EU-Unterausschuss debattiert über Mitteilung der EU-Kommission zur Weiterentwicklung der GAP

Wien (PK) - Die Gemeinsame Agrarpolitik der Europäischen Union (GAP) soll eine neue Ausrichtung erhalten. Künftig sollen Zielsetzungen wie Umwelt- und Klimaschutz eine größere Rolle spielen, schreibt die Europäische Kommission in einer Mitteilung, die der EU-Unterausschuss des Nationalrats heute mit Nachhaltigkeitsministerin Elisabeth Köstinger diskutierte. Die Absicherung angemessener Lebensstandards für LandwirtInnen wird von der Kommission überdies als Schwerpunkt genannt, die Weiterführung der Direktzahlungen an Bäuerinnen und Bauern zugesichert. Entsprechende Gesetzesvorschläge soll es laut Kommission noch vor dem Sommer geben, im Anschluss an den Vorschlag für den mehrjährigen Finanzrahmen der EU.
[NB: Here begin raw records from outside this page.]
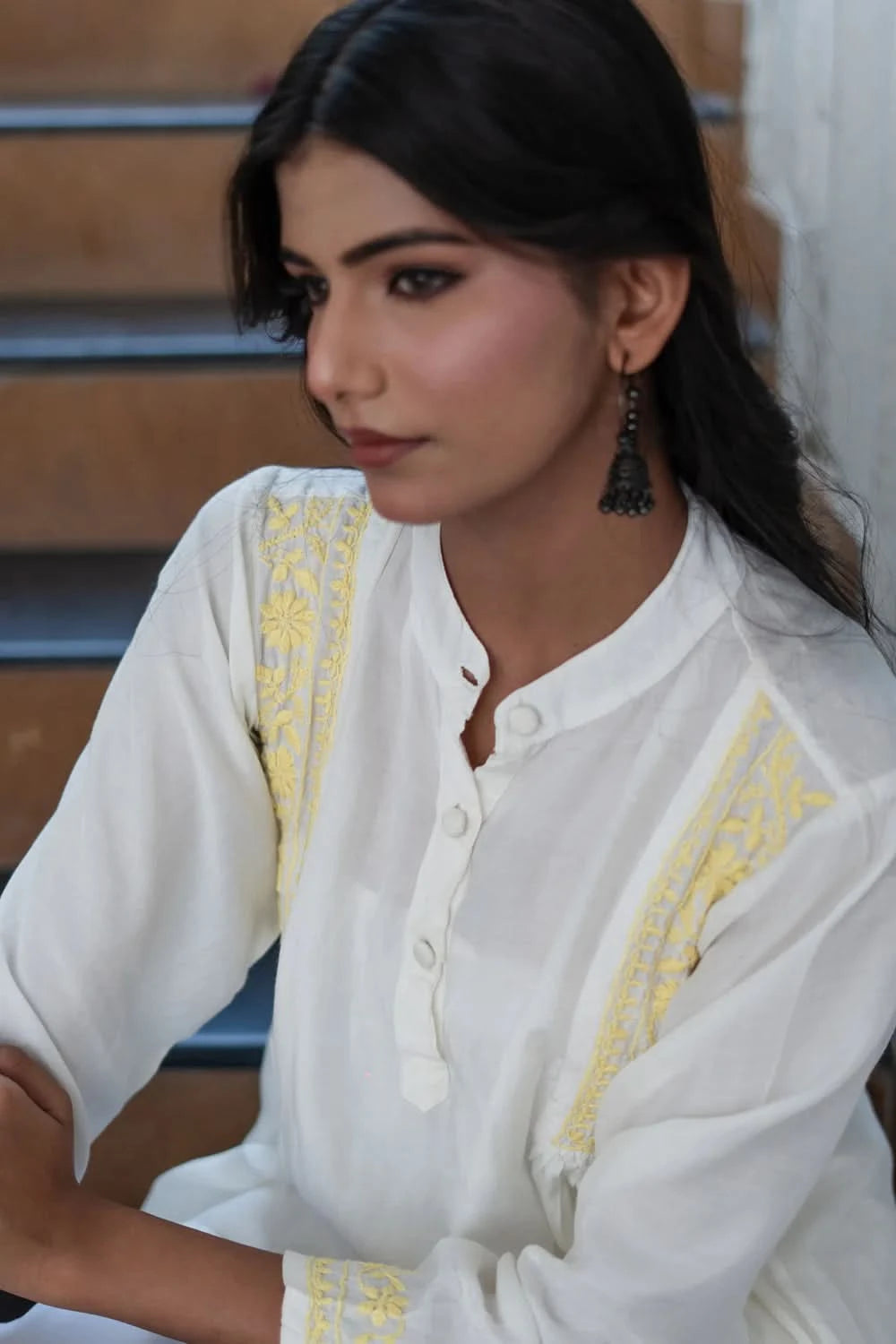 Woman wearing a white embroidered outfit with yellow details, sitting on steps.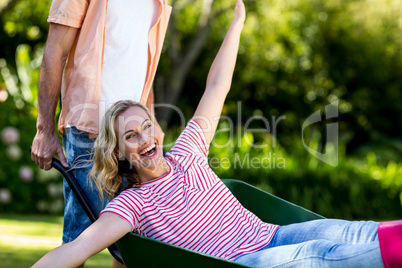 Man pushing woman sitting in wheelbarrow at yard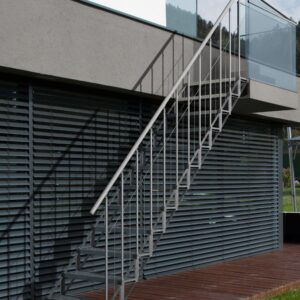 Außentreppe Sun Step aus verzinktem Stahl an einer modernen Hausfassade. Die Treppe hat 12 einzelne Stufen mit Gitterrost-Auflage, ein beidseitiges Geländer mit senkrechten Stäben und einem Handlauf aus Edelstahl. Zugang von der Terrasse in den Garten.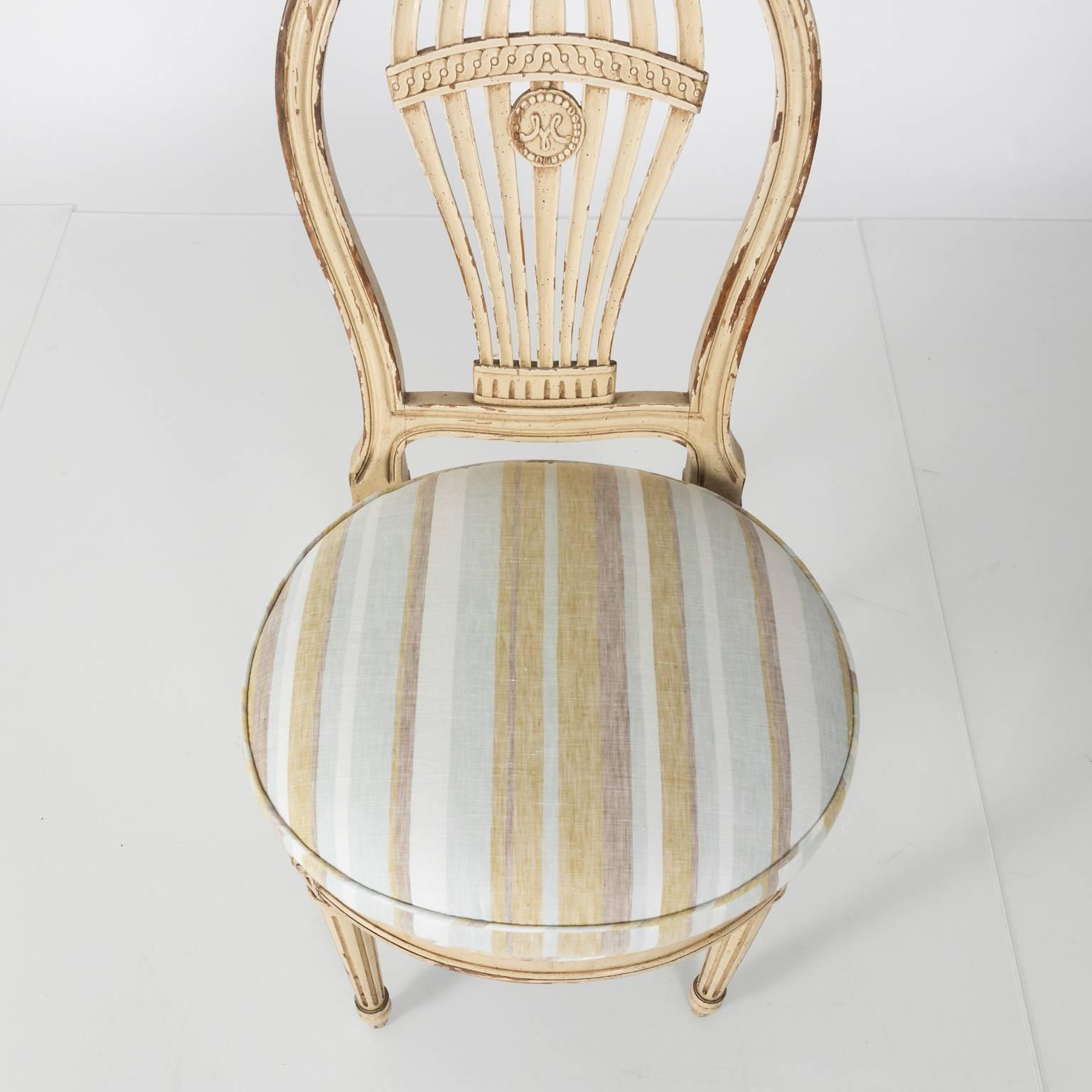 Set of four French pierced balloon back side chairs with newly reupholstered round seats in a soft striped linen fabric, circa 1920.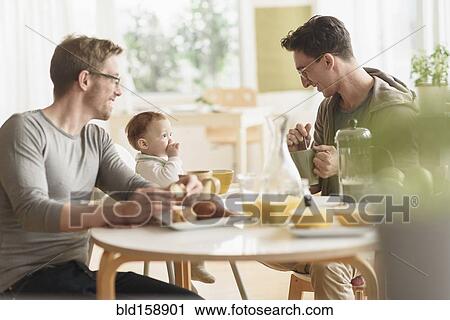 Stock Image - Caucasian gay fathers and baby eating breakfast. Fotosearch
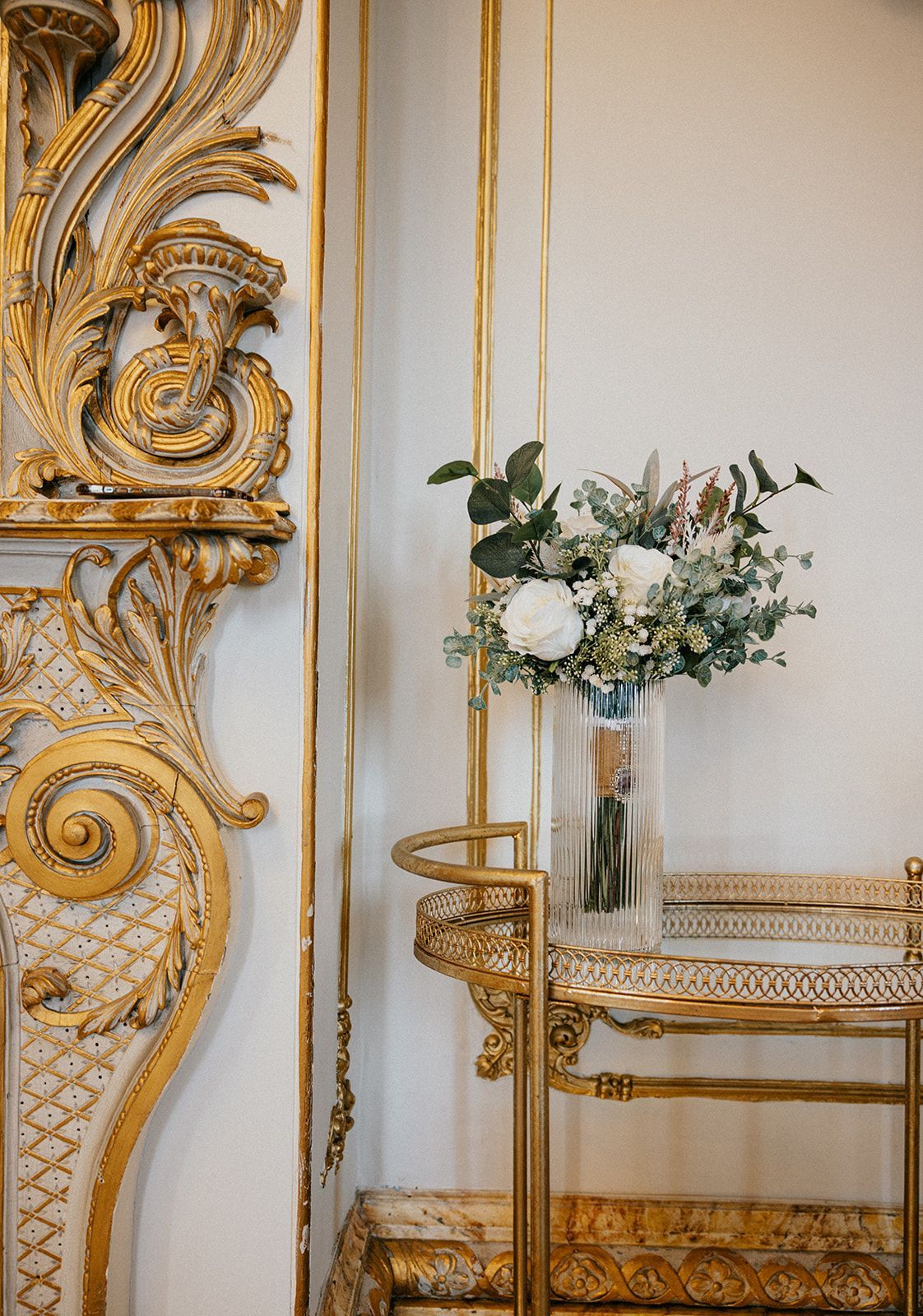 A vase of flowers is sitting on top of a gold bar cart.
Kernstück der neuen GAP ist laut Kommissionsschreiben ein erweiterter Entscheidungsspielraum und mehr Mitwirkungsmöglichkeiten für die Mitgliedstaaten. Einfachere Vorschriften und ein flexiblerer Ansatz sollen die gemeinsame EU-Politik zukunftssicher machen und dafür sorgen, dass die Landwirte und Landwirtinnen wirksame Unterstützung erhalten und eine nachhaltige Entwicklung der Landwirtschaft gewährleistet werden kann.

In welcher Weise ein Staat seine GAP-Mittel investiert, um die EU-Ziele in den Bereichen Umwelt, Klimawandel und Nachhaltigkeit zu erreichen, hat er demnach in einem Strategiebericht darzustellen, den die Kommission genehmigen muss. Hinsichtlich der Mittelaufteilung soll die Zweisäulenstruktur aus Direktzahlungen an LandwirtInnen und Gelder zur Entwicklung des ländlichen Raums grundsätzlich bestehen bleiben. Die Bereitstellung der Mittel würde jedoch stärker von den Fortschritten bei Ressourceneffizienz, Umweltpflege und Klimaschutz bzw. von konkreten Ergebnissen abhängen.
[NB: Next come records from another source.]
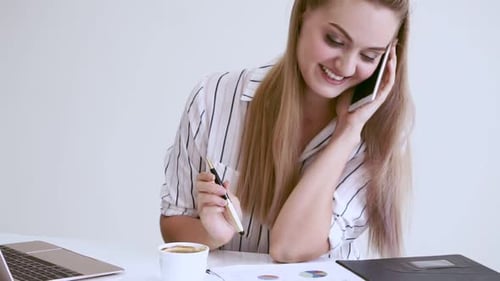 Blonde Business Woman Working at Modern Office
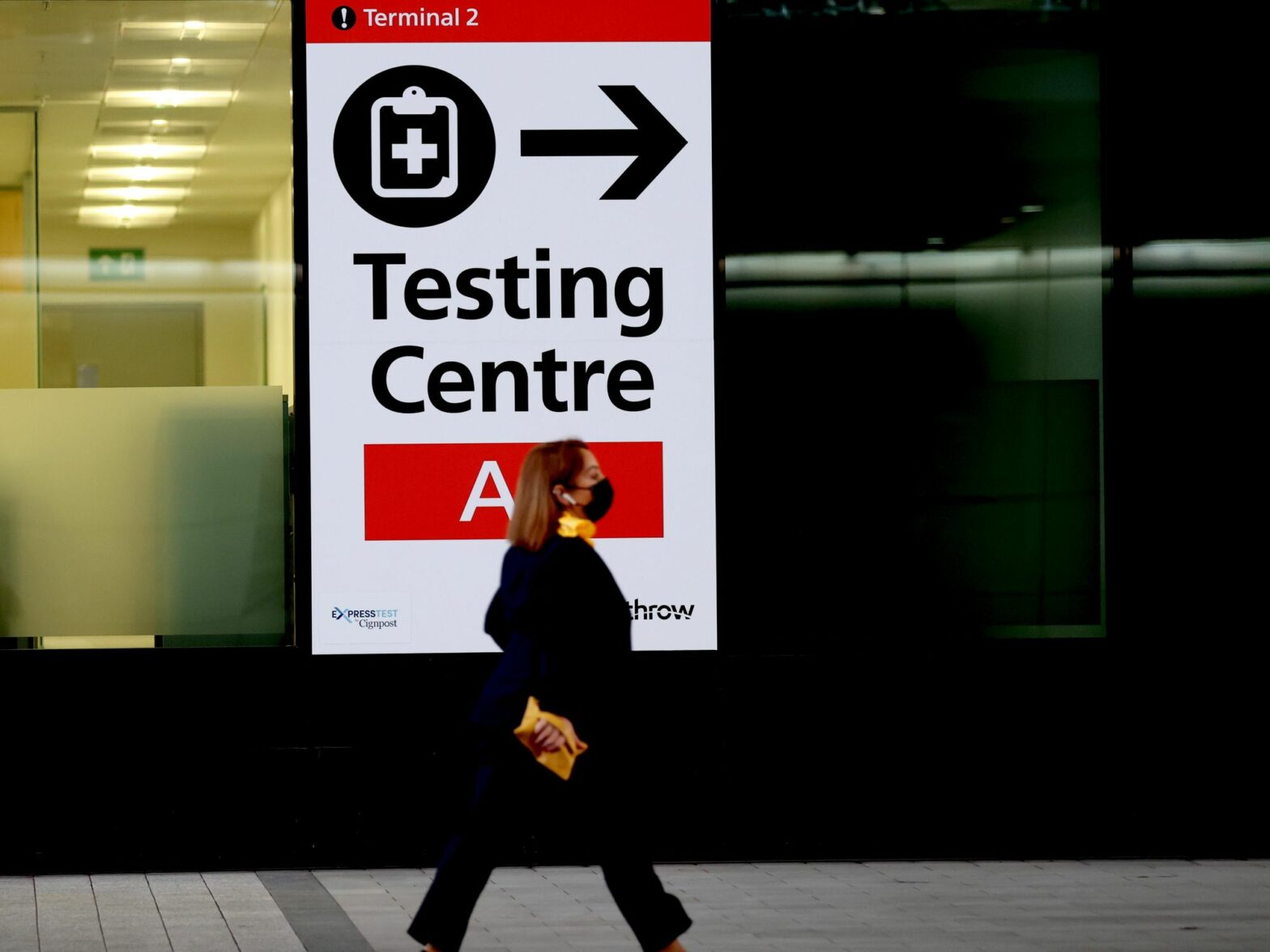 Photo of a passenger walking past a sign indicating the testing center in Heathrow Airport in London.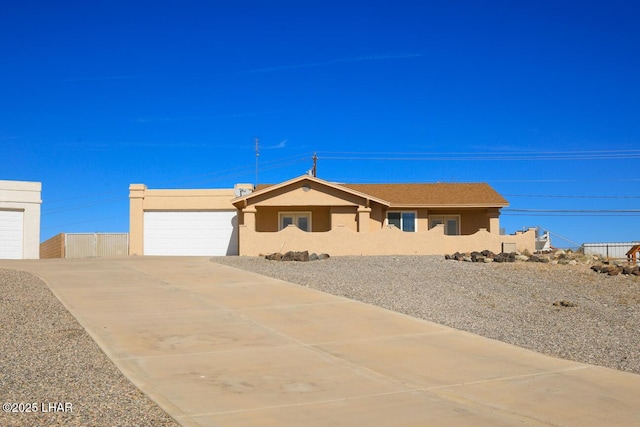 ranch-style home featuring driveway, an attached garage, and stucco siding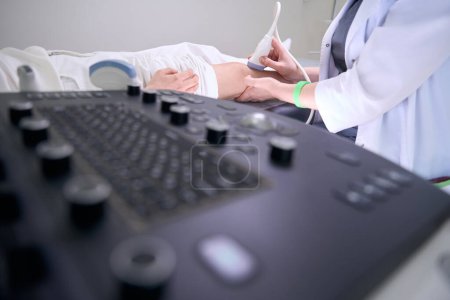 Foto de Diagnóstico utiliza equipos modernos para el ultrasonido de la articulación de la rodilla, el paciente se encuentra en un sofá médico - Imagen libre de derechos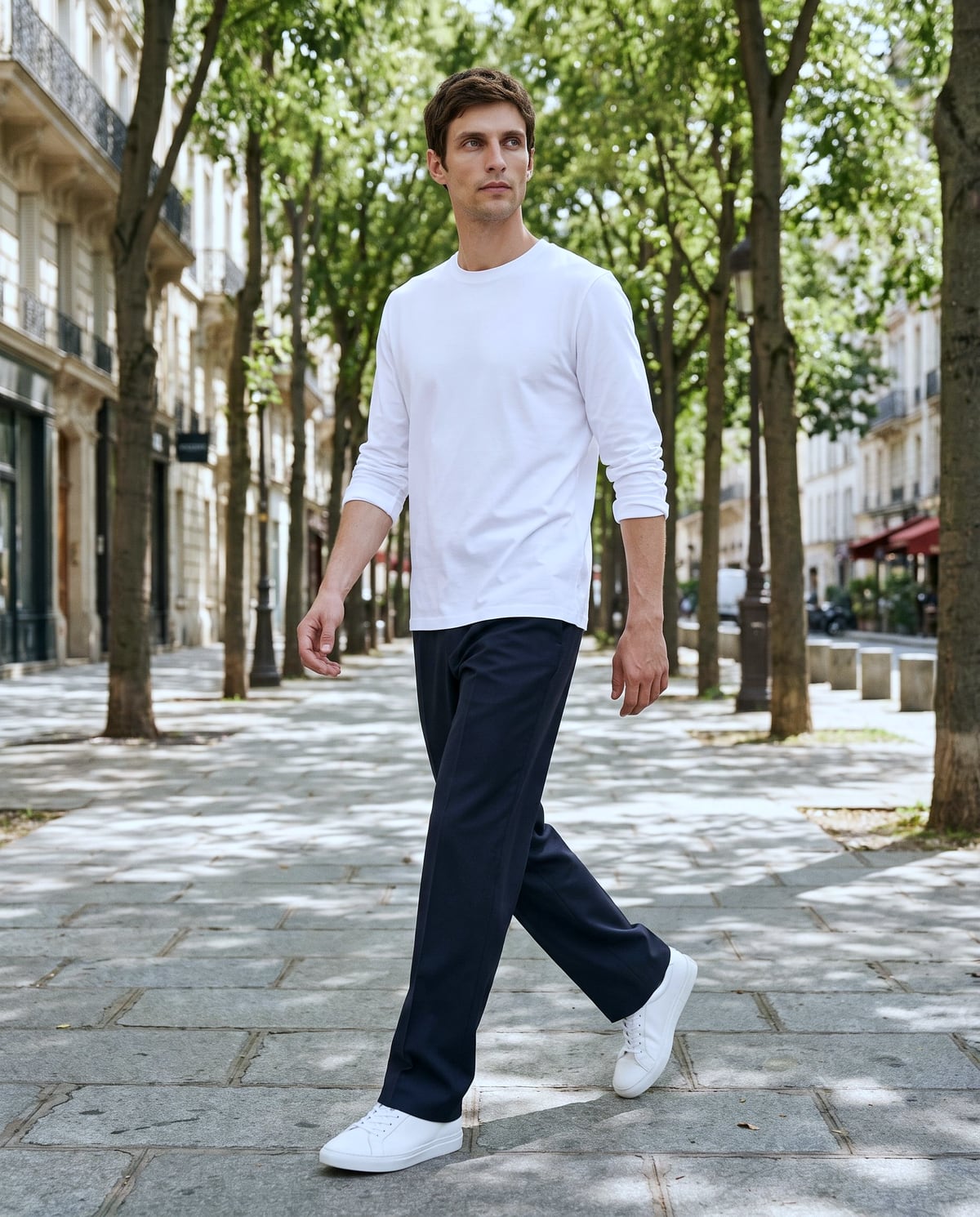 昼、街路樹の歩道を歩く、白いロングスリーブTシャツにネイビーのストレートの男性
Zu den Zielen, die die EU mit der GAP in Zukunft verfolgt, gehören überdies die Unterstützung lokaler LandwirtInnen durch eine geförderte Nutzung moderner Technologien, die Attraktivierung des bäuerlichen Berufsbilds und die Forcierung nachhaltiger landwirtschaftlicher Erzeugung. Generell wird ein kohärentes Vorgehen aller Politikbereiche der EU angestrebt, wobei neben Handel und nachhaltiger Entwicklung auch die Migration eine Rolle spielt. Mit einer EU-Plattform für Risikomanagement will man Bäuerinnen und Bauern bei der Bewältigung von Unsicherheiten bedingt durch Klimaänderungen oder Marktschwankungen unterstützen.
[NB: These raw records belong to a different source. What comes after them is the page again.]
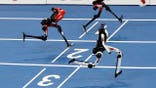 Tiangong Ultra humanoid robot crosses finish line next to Honor robots during 100-meter race.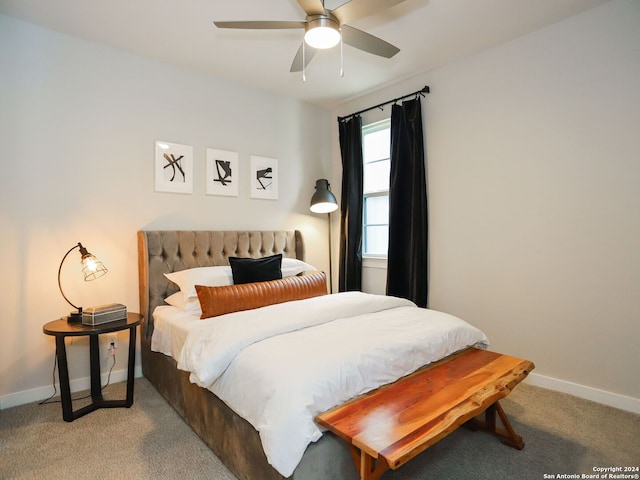 carpeted bedroom featuring ceiling fan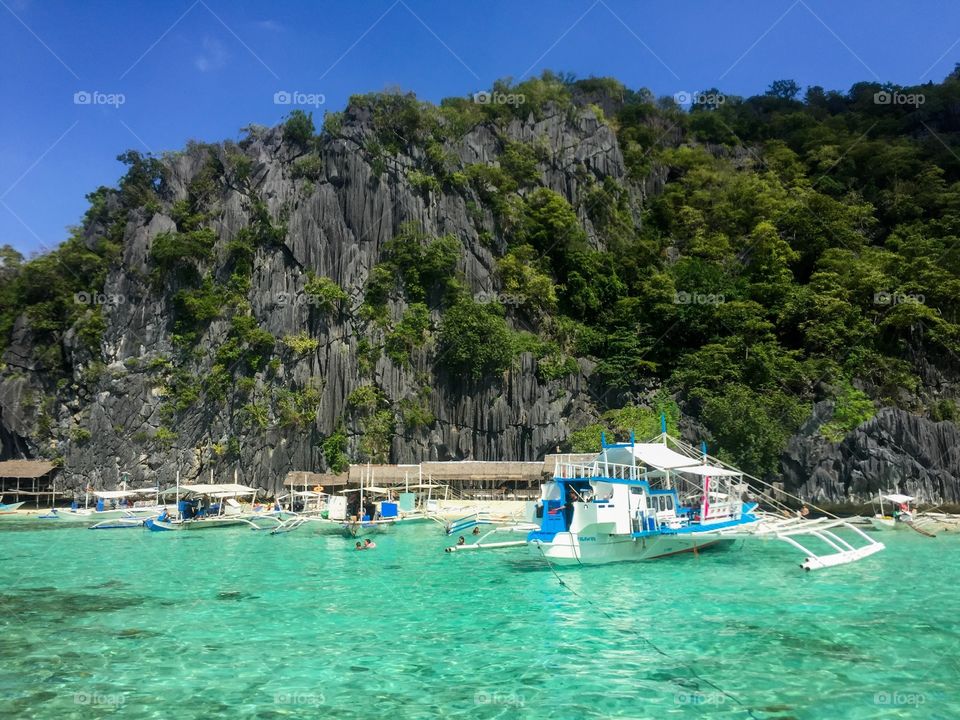 Clear sea waters over mountain range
Agrarpolitik soll Subsidiarität stärker Rechnung tragen

In ihrem Eingangsstatement bewertete es Landwirtschaftsministerin Elisabeth Köstinger als positiv, dass die EU-Kommission die Herausforderungen für die Landwirtschaft erkannt habe und die Klima-und Umweltorientierung der GAP stärken wolle. Österreich begrüße auch, dass am Zwei-Säulen-Modell festgehalten wird. In der Umsetzung der GAP solle die Subsidiarität stärker als bisher zum Tragen kommen. Das bedeute eine Abkehr vom bisherigen "One size fits all"-Prinzip. Die Mitgliedsstaaten könnten damit eine flexiblere Landwirtschaftspolitik gestalten, die ihren jeweiligen Gegebenheiten Rechnung trägt. Aus Sicht von Köstinger ist es dabei jedoch auch wichtig, dass der gemeinsame Charakter der EU-Agrarpolitik erhalten bleibt. Hier handle es sich schließlich um einen Politikbereich, dem enorme strategische Bedeutung zukomme, sagte die Ministerin. Österreich werde sich daher für ein weiteres Funktionieren der GAP einsetzen, das werde auch ein Schwerpunkt während der österreichischen Ratspräsidentschaft sein.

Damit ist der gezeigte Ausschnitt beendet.